The first volumes were published in Italian, later to be followed by French versions, and German ones. Over the years, the Leonardo Series has been translated into a variety of other languages, including Arabic. Greatly saddened by the loss of Floriano Bozzi in 1995, his family have kept his memory alive through the publications. His son has continued and developed the Series in full respect of the initial intent. Vinciana Editrice publications are now marketed in over 40 countries throughout the world, and some volumes have even been adopted as textbooks in schools and academies for the training of artists.
Over the years, Vinciana Editrice publications have been renewed and improved as far as graphics and production quality are concerned. The Leonardo Series has recently been joined by the "Leonardo Technical Manuals", a new series that delves deeper into aspects relating to anatomy. Two volumes have already been published, dealing with the study of human anatomy and horse anatomy for art students.
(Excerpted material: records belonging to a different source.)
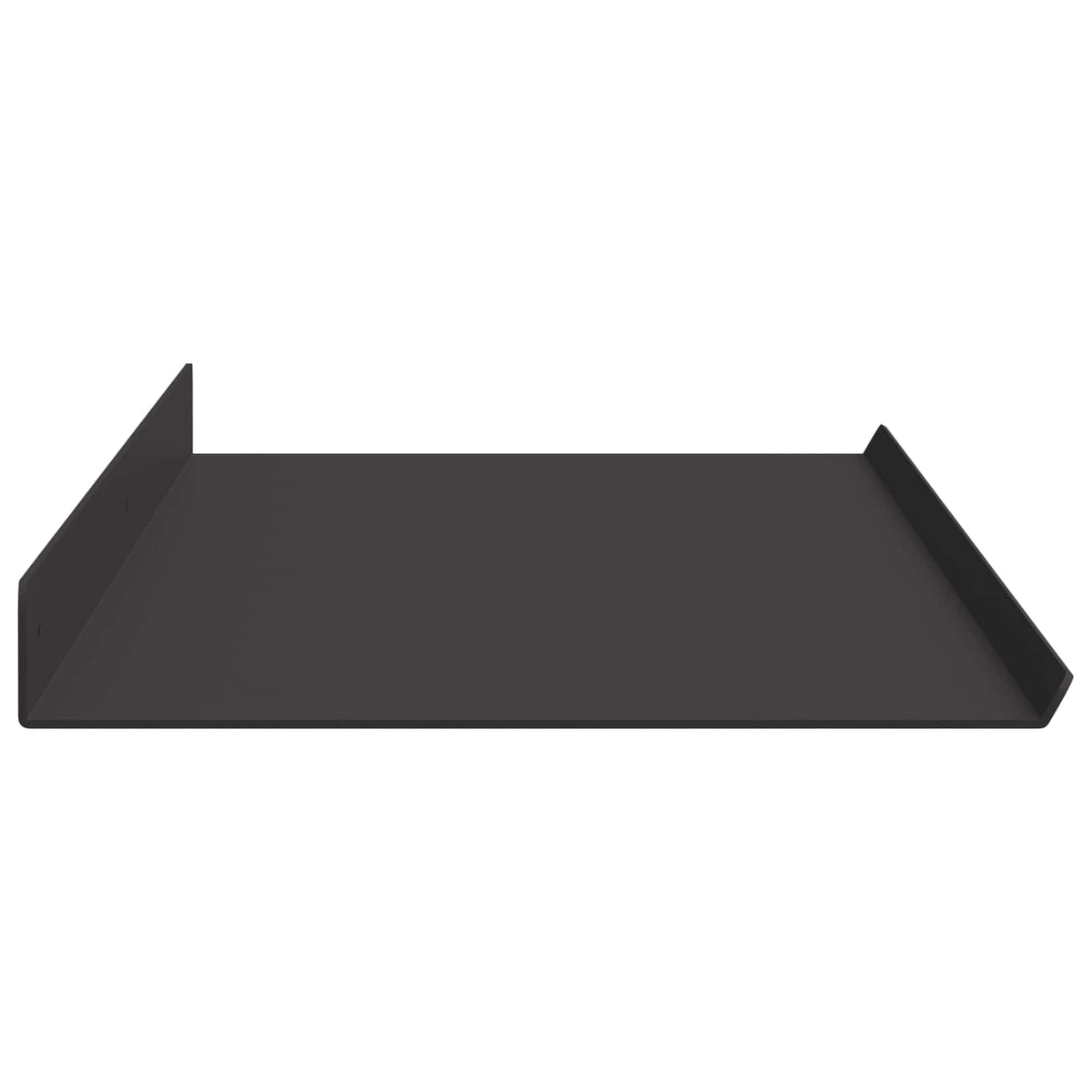 Floating Shelf 4 pcs Black 100 x 18 x 2.5 cm Steel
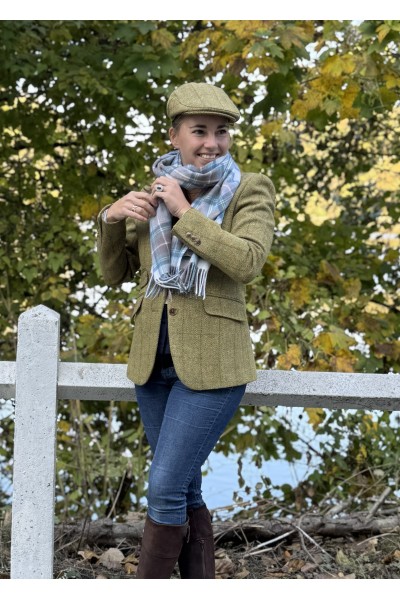 Veste Mayland femme – Tweed clair | Élégance campagnarde et coupe équestre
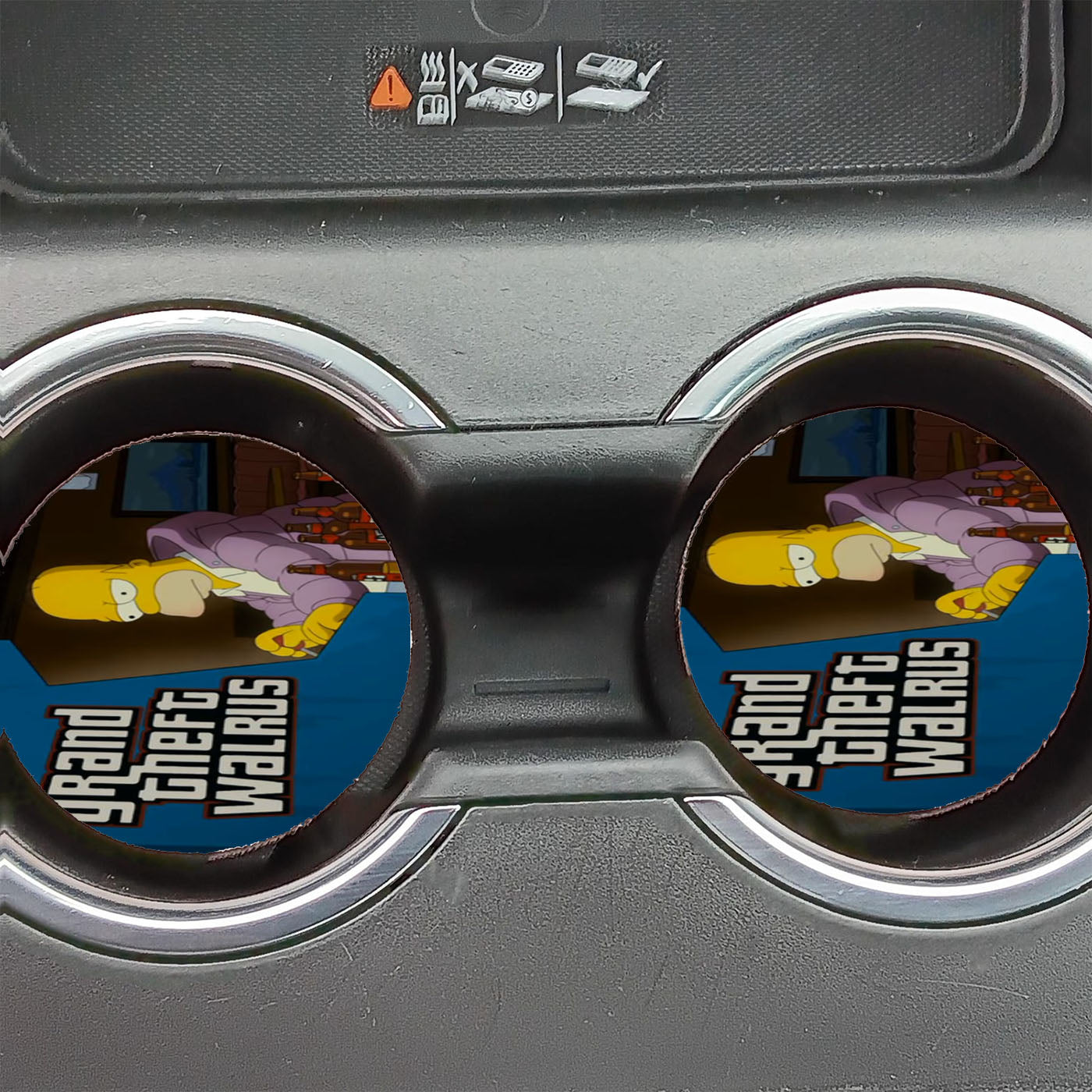 Grand Theft Walrus Hommer Simpson Car Coasters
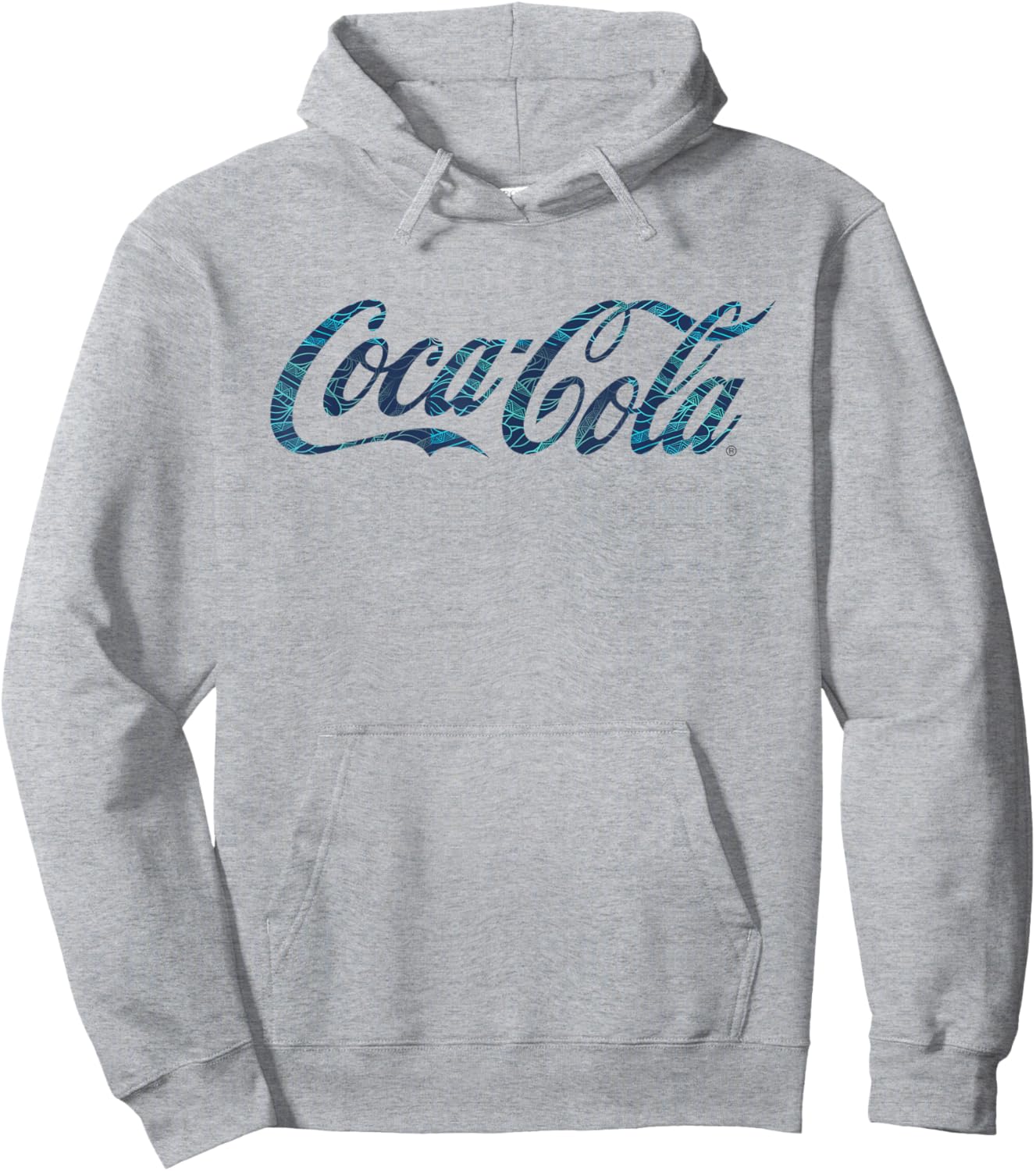 Coca Cola Hawaiian Logo Hoodie - Hoodie | Ash
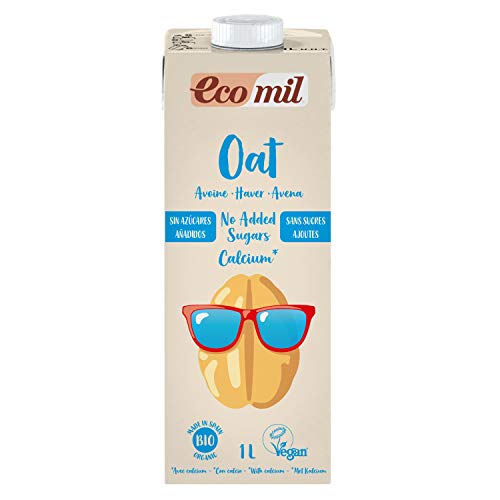 NUTRIOPS ECOMIL Oat No Added Sugars Calcium Bio, 1 l, standaard, uniek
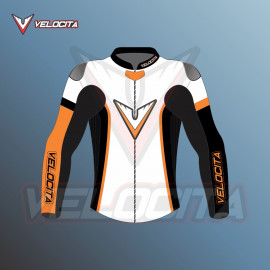 Velocita Custom MotoGP 004 Leather Riding Jacket
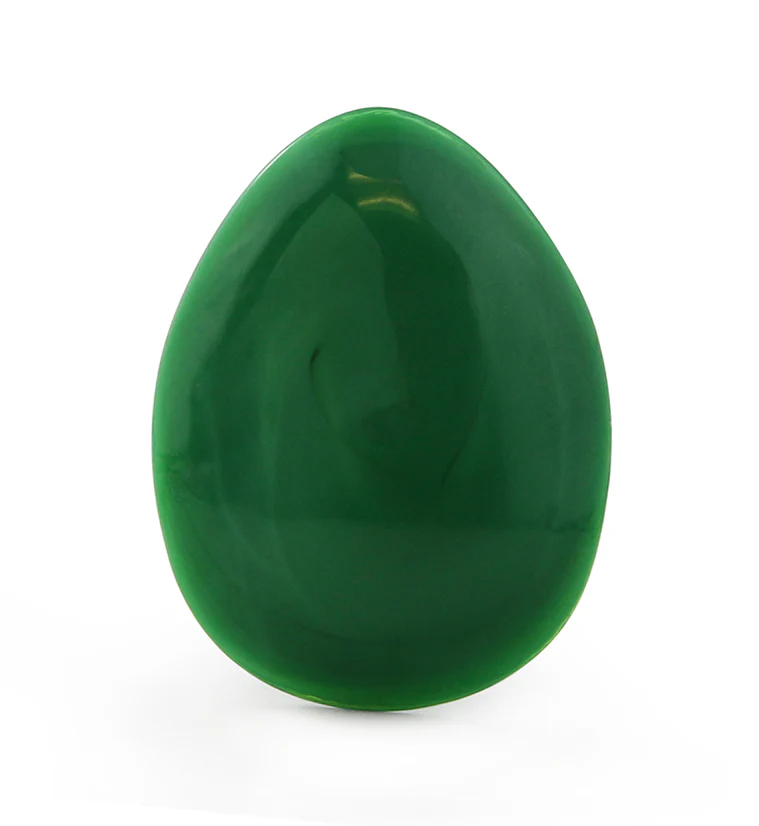 Green Oval Glass Plugs - Image 4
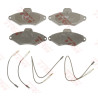 Conjunto de 4 pastilhas de freio COTEC TRW GDB1101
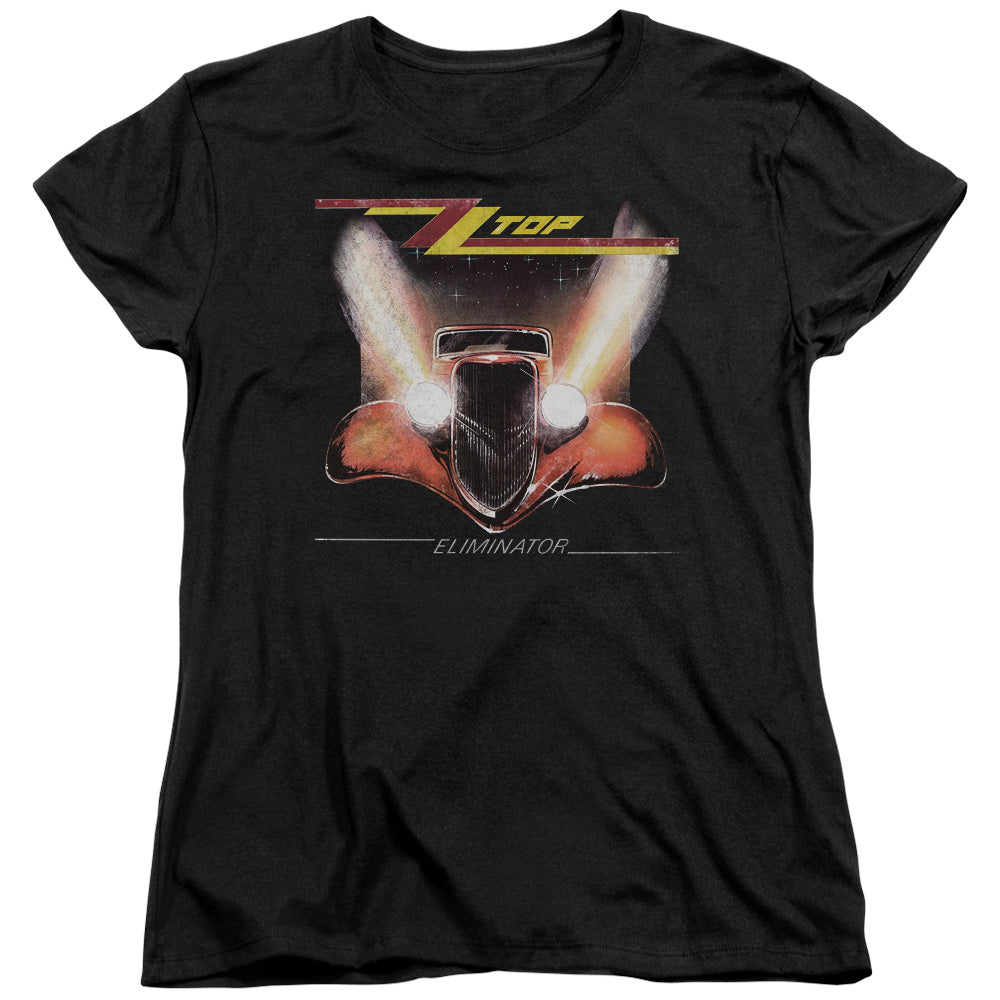 ZZ Top Eliminator Cover Womens T Shirt Black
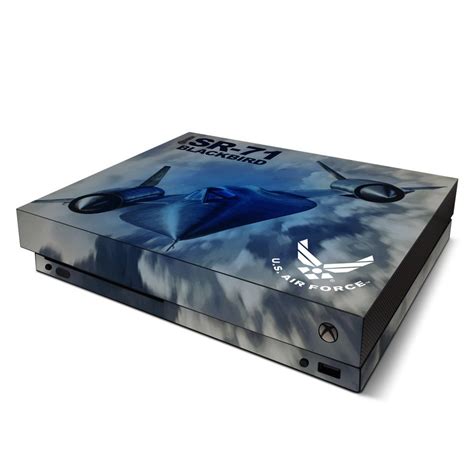 Microsoft Xbox One X Skin Blackbird By Us Air Force Decalgirl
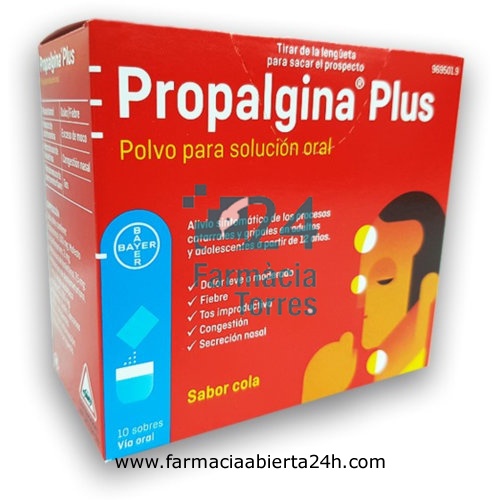 PROPALGINA PLUS POLVO PARA SOLUCIÓN ORAL, 10 sobres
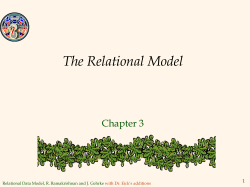 The Relational Model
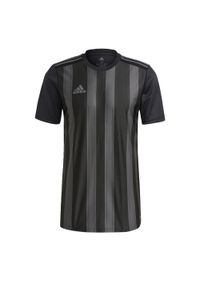 Adidas - Koszulka męska adidas Striped 21 Jersey. Kolor: czarny, szary, wielokolorowy. Materiał: jersey. Sport: piłka nożna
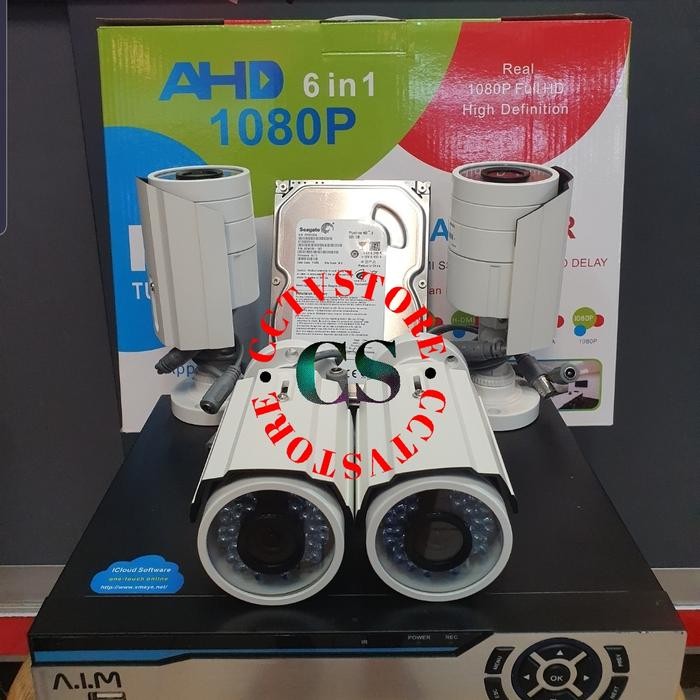 PAKET CCTV 4 CHANNEL 3MP PAKET CCTV 4 KAMERA OUTDOOR 3MP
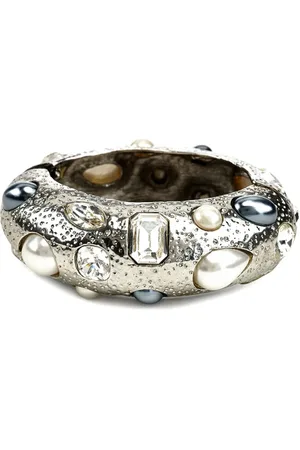 Kenneth Jay Lane Pearl-embellished bangle bracelet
The publishing activities of Vinciana Editrice clearly do not reflect the rhythms of large-scale publishers. But the advantages of a family-run business are to be appreciated in the thorough, carefully-produced, reasonably-priced volumes. On various occasions, Vinciana Editrice has been invited to flood the market with new publications lacking in the serious, professional approach that has always been associated with the company. But the decision has always been to keep to a limited output, aimed at an appreciative public who value care and attention.